It Never Asks a Crumb

Editor's Note: In this "Story with a Purpose", St. Patrick parishioner Louis J. Muro shares a story about a time of despair in his life when he discovered the presence of hope. We hope you enjoy this "Story with a Purpose".

My father died in February of 1996 and the days, weeks and months that followed were times of intense despair for me.

My father and I were very close. We were more like best friends than father and son. His death changed my day-to-day life completely and I didn’t know what to do. I felt helpless and hopeless.  

On one of those darkest days, when the feeling of despair was at its peak, I happened to pick up one of my poetry books and began leafing through it. I wasn’t looking for anything in particular. I love books and I often pick up a a book just to look through it.

As I was thumbing through this poetry book, I was struck by the title of one of the poems and it immediately stopped my browsing. It was “Hope is the Thing with Feathers” by Emily Dickinson.

“A poem about hope,” I thought. “Just what I need right now.”

Emily Dickinson was not one of my favorite poets. I read her poetry in high school and college when it was assigned. But I always thought of her as that lonely old spinster sitting alone in some big house in one of those far off New England states. I never considered her in the same league with my favorites: William Wordsworth, William Butler Yeats, William Shakespeare, and John Keats.

But on this day, when I needed hope the most, I read Emily Dickinson’s poem.

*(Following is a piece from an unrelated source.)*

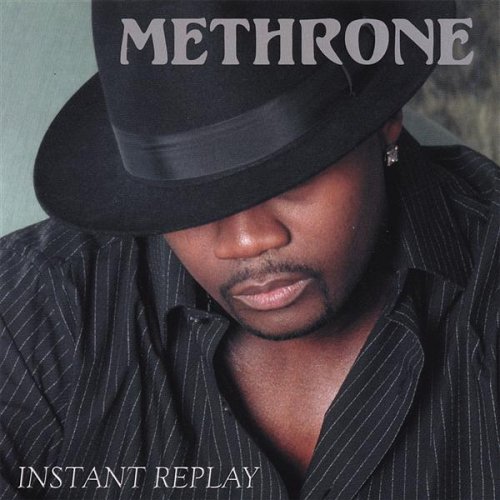 methrone last 4ever mp3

It said:

Bird

“May God, the source of your hope, fill you with all joy and peace by means of your faith in him, so that your hope will continue to grow by the power of the Holy Spirit.”

Romans 15: 13

“Hope is the thing with feathers
That perches in the soul,
And sings the tune--without the words,
And never stops at all,

And sweetest in the gale is heard;
And sore must be the storm
That could abash the little bird
That kept so many warm.

I've heard it in the chillest land,
And on the strangest sea;
Yet, never, in extremity,
It asked a crumb of me.”

I read it again and again. I remember having chills as Dickinson said the exact words that I needed to hear at that moment of my life.

Dickinson had described “hope” as a living entity, something real, not just some abstract term. Hope “perches in the soul” and “never stops at all.” It is sweetest in the stormiest of times and it has kept so many warm. And, the greatest thing about hope is that it never asks us for anything. “Yet, never…It asked a crumb of me.”

I felt hopeless on that day before I read that poem. But I took Dickinson’s words to heart.

When I closed that book up I found myself smiling. I felt hope. I also wondered what led me to that specific poem on that darkest of days. Was it the Holy Spirit at work, guiding me, helping me, sending me to Dickinson to hear the words I needed to hear?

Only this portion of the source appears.